Do you mean what can people expect from the label in general?
Well I think what we are into is variety. So you might hear something breaky from us, like from Alpha Omega, something rolling and soulful — from bigger and smaller artists. I hope people will just see the name Skunkrock and think thats quality music and give it a listen. That’s my goal anyway but I think we have a ways to go. But I guess you could say we are into good music, what we like, no matter who the artist is.
De-bug magazine once described our sound as Breakbeat Soul. Which I think is a huge compliment.
What makes a tune for you judging it „breakbeat soul“?
I guess anything that moves me. For example I might play something from Calibre that I think is really soulful — which people might think is more of a liquid-y sound. But then I might hear something from Amit or Digital or Spirit which is kind of dark but to me still has an emotional side. So that’s what I mean by soulful. Not necessarily one kind of sound.
The decision for a new release is made by…
The final decision isn’t mine. Mark owns the label so I bring ideas and we talk about them. But he makes the final word! But I am more responsible for A & R because I am networking with all the artists.
How would you describe your career starting in San Fransisco until now in a nutshell?

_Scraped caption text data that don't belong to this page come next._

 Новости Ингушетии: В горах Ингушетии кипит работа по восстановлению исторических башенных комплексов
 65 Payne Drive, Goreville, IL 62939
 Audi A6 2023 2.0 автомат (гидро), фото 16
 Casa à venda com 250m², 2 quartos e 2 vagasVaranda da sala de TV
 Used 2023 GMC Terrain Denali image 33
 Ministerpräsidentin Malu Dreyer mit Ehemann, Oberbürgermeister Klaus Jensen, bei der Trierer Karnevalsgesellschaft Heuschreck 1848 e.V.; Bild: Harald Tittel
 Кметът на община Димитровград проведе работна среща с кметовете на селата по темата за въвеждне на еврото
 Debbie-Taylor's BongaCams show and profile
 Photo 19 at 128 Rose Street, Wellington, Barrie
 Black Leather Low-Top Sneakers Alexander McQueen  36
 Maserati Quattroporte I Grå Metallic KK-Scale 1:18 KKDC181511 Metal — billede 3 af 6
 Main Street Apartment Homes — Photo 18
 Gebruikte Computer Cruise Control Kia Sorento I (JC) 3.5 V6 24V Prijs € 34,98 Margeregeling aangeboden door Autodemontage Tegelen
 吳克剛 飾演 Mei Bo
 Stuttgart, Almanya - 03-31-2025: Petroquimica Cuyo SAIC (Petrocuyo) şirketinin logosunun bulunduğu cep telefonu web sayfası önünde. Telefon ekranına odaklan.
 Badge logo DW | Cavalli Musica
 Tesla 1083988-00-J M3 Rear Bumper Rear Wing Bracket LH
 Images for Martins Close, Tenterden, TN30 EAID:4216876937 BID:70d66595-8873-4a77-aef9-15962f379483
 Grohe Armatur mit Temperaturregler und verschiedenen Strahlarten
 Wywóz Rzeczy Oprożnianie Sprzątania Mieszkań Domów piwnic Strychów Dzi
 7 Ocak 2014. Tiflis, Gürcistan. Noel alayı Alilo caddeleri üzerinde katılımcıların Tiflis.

My career was probably a combination of being in the right place at the right time, and lot of luck! It stared in 1997, as I had been buying records for a couple years. Anyway got into DJing and tried to build my name up in the States. In 1999 I came to Europe – met the Skunkrock crew — and really loved it over here. Later I moved to London to work for them and try to build a career. I had no idea it would work out the way it did. I think I was given some really great opportunities and I had to prove that I could do it. Hopefully over the last 5 years I have done that. I am really lucky to be able to do what I do. I love it.
How important are relationships to other people in the drum & bass scene? Give us an example.
Well in drum’n’bass I think it’s important. It’s such a close-knit scene. I think for me I like to be in contact with people and see what they are up to. A good example would be this whole AIM thing. Nowadays it’s a great way to network with producers and try to get tracks off them. 5 years ago, everyone did this at music house…and now its all over the net!
But it’s a great way to see what people are doing all over the world, especially now since d’n’b is so much more internationally recognised!
Are there moments you would say it’s more than a business network?
You mean more like friendships?
Well drum’n’bass for me is pretty much my whole life outside of my family, so yes it’s great to have friendships build up that last through the years. Especially with people you have so much in common with. For example I met my mate Sage in San Francisco, we both began DJing at the same time — and now 7 years later we are really close. She even stayed with me for a while in London. So it’s great to share this with people. But there are lots of other people in this scene I would consider friends, rather than business collegues. Storm would be another good friend but there are some guys in there too I would consider mates. Daniel Savine is like a brother too me and I wish he lived closer!
But also it’s great to go to different cities, and get to know the local DJs and promoters. I feel so excited to hang out with new people and also come back again, having met them already. It’s like coming home to all these great places.
I know it sounds super – cheesy, but it’s true!
Speaking of Daniel Savine – Will you producing tracks again in the future? With him or other producers?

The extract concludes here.